The data Block Start
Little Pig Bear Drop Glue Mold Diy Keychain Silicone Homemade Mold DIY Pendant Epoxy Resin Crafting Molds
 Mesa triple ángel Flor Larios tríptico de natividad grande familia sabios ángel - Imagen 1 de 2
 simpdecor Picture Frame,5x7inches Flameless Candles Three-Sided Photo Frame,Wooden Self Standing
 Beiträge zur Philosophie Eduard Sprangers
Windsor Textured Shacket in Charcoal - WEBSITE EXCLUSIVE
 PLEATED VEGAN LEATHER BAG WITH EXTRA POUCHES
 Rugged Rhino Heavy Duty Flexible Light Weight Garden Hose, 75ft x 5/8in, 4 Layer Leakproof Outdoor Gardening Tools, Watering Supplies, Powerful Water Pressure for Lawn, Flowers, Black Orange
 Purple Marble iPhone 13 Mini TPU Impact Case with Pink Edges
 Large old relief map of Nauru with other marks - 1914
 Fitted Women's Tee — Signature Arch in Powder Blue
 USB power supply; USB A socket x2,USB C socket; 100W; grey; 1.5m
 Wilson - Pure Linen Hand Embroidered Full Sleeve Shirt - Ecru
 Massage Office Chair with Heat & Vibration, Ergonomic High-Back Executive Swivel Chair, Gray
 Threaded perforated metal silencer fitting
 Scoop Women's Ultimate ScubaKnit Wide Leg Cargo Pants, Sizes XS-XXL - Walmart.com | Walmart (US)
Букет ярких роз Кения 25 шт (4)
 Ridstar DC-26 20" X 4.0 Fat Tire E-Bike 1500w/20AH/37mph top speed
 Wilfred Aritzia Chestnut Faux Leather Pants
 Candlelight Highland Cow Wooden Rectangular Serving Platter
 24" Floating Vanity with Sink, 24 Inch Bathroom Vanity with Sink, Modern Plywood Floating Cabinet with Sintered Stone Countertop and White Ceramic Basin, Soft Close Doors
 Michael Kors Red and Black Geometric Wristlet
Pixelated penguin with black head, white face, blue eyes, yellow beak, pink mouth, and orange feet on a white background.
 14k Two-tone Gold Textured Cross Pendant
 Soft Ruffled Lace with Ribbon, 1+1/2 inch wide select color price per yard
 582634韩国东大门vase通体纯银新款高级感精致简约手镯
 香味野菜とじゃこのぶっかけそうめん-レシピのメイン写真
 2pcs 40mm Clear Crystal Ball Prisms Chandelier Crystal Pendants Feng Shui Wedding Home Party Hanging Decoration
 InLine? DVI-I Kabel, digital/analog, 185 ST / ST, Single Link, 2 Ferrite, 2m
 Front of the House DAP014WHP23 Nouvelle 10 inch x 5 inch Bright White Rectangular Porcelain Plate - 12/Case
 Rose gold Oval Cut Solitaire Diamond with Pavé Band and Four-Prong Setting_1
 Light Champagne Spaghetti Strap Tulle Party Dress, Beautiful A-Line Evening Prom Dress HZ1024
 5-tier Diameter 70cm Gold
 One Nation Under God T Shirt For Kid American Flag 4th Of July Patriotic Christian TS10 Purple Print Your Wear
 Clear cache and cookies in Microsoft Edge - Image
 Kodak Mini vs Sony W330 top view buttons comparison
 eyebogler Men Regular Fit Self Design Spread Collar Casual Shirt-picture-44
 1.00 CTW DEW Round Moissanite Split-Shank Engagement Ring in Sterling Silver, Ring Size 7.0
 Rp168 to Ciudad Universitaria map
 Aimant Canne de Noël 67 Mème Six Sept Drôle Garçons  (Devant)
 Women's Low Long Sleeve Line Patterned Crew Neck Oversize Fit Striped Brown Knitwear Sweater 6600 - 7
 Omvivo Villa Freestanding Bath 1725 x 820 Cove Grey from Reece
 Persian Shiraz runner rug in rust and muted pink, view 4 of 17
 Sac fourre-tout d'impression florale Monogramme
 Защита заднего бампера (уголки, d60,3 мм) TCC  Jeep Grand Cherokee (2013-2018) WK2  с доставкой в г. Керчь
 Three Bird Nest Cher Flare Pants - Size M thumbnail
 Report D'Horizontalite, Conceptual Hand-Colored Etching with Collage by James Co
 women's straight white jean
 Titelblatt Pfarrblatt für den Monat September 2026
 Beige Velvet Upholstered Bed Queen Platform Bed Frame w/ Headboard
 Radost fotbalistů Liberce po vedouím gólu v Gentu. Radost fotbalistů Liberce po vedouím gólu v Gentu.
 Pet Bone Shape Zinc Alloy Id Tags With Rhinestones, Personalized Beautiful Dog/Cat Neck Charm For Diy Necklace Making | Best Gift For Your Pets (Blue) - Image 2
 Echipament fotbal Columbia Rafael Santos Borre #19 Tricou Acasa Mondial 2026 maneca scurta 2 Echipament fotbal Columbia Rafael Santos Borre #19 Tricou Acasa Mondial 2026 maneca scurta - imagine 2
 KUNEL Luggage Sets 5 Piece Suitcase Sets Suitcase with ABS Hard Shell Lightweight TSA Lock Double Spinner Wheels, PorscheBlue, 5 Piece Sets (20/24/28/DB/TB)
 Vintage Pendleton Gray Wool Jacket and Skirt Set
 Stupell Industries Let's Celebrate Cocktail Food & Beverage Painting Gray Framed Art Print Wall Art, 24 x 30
The data Block End
(Exercise goal): Could you reproduce exactly the lines of the entries above, from the one with "InLine? DVI-I Kabel, digital/analog, 185" through the one with "eyebogler Men Regular", and nothing else?

(Solved exercise):
 InLine? DVI-I Kabel, digital/analog, 185 ST / ST, Single Link, 2 Ferrite, 2m
 Front of the House DAP014WHP23 Nouvelle 10 inch x 5 inch Bright White Rectangular Porcelain Plate - 12/Case
 Rose gold Oval Cut Solitaire Diamond with Pavé Band and Four-Prong Setting_1
 Light Champagne Spaghetti Strap Tulle Party Dress, Beautiful A-Line Evening Prom Dress HZ1024
 5-tier Diameter 70cm Gold
 One Nation Under God T Shirt For Kid American Flag 4th Of July Patriotic Christian TS10 Purple Print Your Wear
 Clear cache and cookies in Microsoft Edge - Image
 Kodak Mini vs Sony W330 top view buttons comparison
 eyebogler Men Regular Fit Self Design Spread Collar Casual Shirt-picture-44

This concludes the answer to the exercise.